Speaking on his experience, an Abuja-based driver, Nicholas Omoruyi, told The Guardian that some passengers have, at different times, turned down balances paid in new notes.

‘‘I normally ply Suleja-Wuse route daily, two days to Christmas some passengers took me to Wuse Police Station because I gave them new notes of N200 as their transport fare balances. Fortunately for me, the police resolved the matter peacefully, letting them know that the notes I gave them are legal tender,” he said.

According to him, several passengers claim the new notes are fakes. Also, Yemisi Odunayo, who owns a provision shop at Suleja Market, informed The Guardian that her customers constantly reject the new notes when she gives them balances.

She said: “This has made me not equally accept the new denominations from customers anytime they come to buy goods”. Motorcycle operators are not spared of the unfortunate experience as Squabbles between riders and passengers are reported daily to different police stations in Abuja satellite towns

Speaking on the development, Prof Sheriifdeen Tella, an economist, said the scarcity of the new notes is not surprising as the apex bank is on course to cash holding in favour of a cashless economy. On the rejections, Tella charged the CBN to embark on an aggressive awareness programme.
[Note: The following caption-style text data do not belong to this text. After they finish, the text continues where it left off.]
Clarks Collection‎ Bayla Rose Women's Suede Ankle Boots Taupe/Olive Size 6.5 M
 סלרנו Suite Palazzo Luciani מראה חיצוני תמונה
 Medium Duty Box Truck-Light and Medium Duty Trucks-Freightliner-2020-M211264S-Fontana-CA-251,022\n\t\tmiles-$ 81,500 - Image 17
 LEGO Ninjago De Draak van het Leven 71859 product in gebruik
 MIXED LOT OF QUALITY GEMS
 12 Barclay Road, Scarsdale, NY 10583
“In a country with high illiteracy level, there is a need for adequate advertisement. This is even more important since this has not happened in recent years,” he said.

Also, Prof. Omo-ogun Ajayi, while throwing weight with the CBN’s move, said all hands must be on deck to make the programme a success. Ajayi, a professor of agriculture economics at the University of Calabar, explained that no serious nation allows the kind of abuse naira has faced in recent times.

‘‘The government is aware that some Nigerians want to withdraw huge amounts of money to store. So, the CBN deliberately releases piecemeal banknotes to commercial banks. If we truly want to promote a cashless society as practised in other climes, the scarcity is good and the time to reduce cash at hand is now, People should engage in electronic payments,” he said.